• **Exercise objective**
Transcribe the listing from its top line through the line with "Stio Fernos Insulated Jacket in Abyss". Keep it exact, both ends included, and add nothing.

• **Record extracts**
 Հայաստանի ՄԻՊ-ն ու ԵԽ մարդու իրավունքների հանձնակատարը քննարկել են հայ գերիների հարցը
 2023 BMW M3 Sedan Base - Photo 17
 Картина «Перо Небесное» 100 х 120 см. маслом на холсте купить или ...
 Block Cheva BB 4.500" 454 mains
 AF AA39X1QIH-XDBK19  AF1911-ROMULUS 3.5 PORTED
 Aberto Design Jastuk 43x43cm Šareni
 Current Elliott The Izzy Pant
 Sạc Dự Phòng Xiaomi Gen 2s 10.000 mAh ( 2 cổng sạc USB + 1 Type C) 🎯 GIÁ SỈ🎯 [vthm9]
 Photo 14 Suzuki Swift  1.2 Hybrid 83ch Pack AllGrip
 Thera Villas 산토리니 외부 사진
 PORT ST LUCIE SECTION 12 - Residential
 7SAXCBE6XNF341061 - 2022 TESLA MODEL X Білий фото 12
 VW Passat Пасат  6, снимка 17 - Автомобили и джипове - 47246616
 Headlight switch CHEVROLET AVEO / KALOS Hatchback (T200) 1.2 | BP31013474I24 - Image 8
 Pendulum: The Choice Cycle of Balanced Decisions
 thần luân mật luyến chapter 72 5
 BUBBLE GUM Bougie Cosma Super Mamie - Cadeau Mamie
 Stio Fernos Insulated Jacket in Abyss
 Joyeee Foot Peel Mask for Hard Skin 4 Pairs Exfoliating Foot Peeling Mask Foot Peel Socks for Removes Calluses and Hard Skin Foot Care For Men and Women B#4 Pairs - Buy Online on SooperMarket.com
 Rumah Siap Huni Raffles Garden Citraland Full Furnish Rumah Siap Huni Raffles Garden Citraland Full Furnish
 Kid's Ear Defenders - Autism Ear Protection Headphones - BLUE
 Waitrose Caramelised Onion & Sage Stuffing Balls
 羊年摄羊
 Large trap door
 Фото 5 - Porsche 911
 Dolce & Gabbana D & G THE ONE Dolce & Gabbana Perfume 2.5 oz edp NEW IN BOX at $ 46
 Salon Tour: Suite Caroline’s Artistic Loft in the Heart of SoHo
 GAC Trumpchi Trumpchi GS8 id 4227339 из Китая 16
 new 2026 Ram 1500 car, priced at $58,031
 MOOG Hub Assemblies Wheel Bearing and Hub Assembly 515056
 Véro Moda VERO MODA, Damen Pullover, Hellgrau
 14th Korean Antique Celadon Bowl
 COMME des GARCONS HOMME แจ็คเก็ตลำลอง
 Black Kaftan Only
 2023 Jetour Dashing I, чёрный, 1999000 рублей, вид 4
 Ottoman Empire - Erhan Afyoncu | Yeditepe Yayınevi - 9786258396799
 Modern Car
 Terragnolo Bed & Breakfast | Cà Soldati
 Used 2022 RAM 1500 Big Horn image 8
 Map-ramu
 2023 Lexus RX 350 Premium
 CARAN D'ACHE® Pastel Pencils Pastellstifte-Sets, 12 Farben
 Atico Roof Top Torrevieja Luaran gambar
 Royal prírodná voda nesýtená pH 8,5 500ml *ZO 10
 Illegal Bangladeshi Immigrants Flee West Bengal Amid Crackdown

• **Expected answer**
 Հայաստանի ՄԻՊ-ն ու ԵԽ մարդու իրավունքների հանձնակատարը քննարկել են հայ գերիների հարցը
 2023 BMW M3 Sedan Base - Photo 17
 Картина «Перо Небесное» 100 х 120 см. маслом на холсте купить или ...
 Block Cheva BB 4.500" 454 mains
 AF AA39X1QIH-XDBK19  AF1911-ROMULUS 3.5 PORTED
 Aberto Design Jastuk 43x43cm Šareni
 Current Elliott The Izzy Pant
 Sạc Dự Phòng Xiaomi Gen 2s 10.000 mAh ( 2 cổng sạc USB + 1 Type C) 🎯 GIÁ SỈ🎯 [vthm9]
 Photo 14 Suzuki Swift  1.2 Hybrid 83ch Pack AllGrip
 Thera Villas 산토리니 외부 사진
 PORT ST LUCIE SECTION 12 - Residential
 7SAXCBE6XNF341061 - 2022 TESLA MODEL X Білий фото 12
 VW Passat Пасат  6, снимка 17 - Автомобили и джипове - 47246616
 Headlight switch CHEVROLET AVEO / KALOS Hatchback (T200) 1.2 | BP31013474I24 - Image 8
 Pendulum: The Choice Cycle of Balanced Decisions
 thần luân mật luyến chapter 72 5
 BUBBLE GUM Bougie Cosma Super Mamie - Cadeau Mamie
 Stio Fernos Insulated Jacket in Abyss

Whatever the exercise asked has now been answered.